Additional research is also needed to evaluate the use and efficacy of different biologics. While preliminary findings regarding the use of a plethora of growth factors in stimulating angiogenesis and osteogenesis are promising, further empirical investigations should yield more concrete evidence regarding their clinical effectiveness, optimal dosage, and potential side effects, especially in peri-implant defects (James et al., 2016; Nevins et al., 2005). Moreover, the design and application of ultrasonic tips for effective navigation through implant structures represent another area ripe for further scientific exploration. The development of efficient, miniature-sized tips could revolutionize the process of implant surface decontamination, thereby enhancing the outcomes of reconstructive procedures.

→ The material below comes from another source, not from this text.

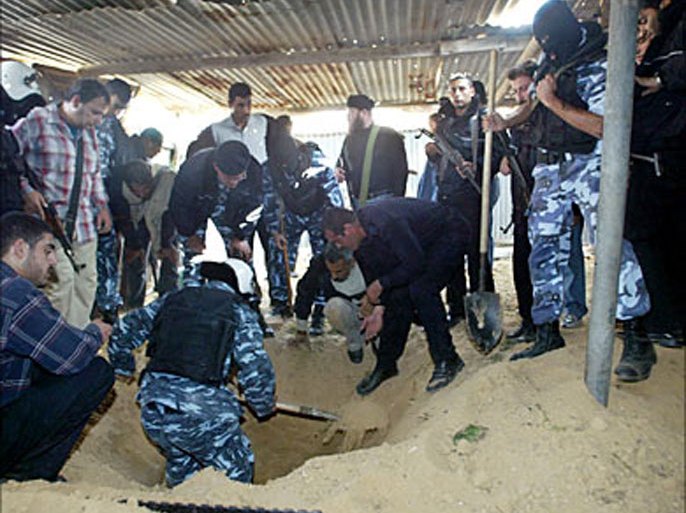 f_Palestinian security officers destroy and close a tunnel leading across the border between the Gaza Strip and Egypt, 07 December 2005, in Rafah, the southern Gaza Strip. Palestinian security forces sealed the two tunnels that had been used to smuggle in arms from neighboring Egypt, the Palestinian interior ministry said. AFP PHOTO/SAID KHATIB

In summary, the interplay between soft tissue inflammation control, flap design, and wound stability also warrants further investigation. A more nuanced understanding of these factors can guide the development of more effective preoperative and postoperative care protocols, ultimately improving the success rate of reconstructive procedures.

Finally, the proposed aspects and possible strategies underpin the importance of a comprehensive and integrative approach toward effective peri-implantitis treatment. Only addressing tissue perfusion, bony topography, surface decontamination, and soft tissue inflammation holistically can significantly enhance the predictability and effectiveness of reconstructive procedures. Future scientific studies should, therefore, aim to examine these strategies not just in isolation but also in combination to provide a more robust and nuanced understanding of the optimal treatment regimen for peri-implantitis.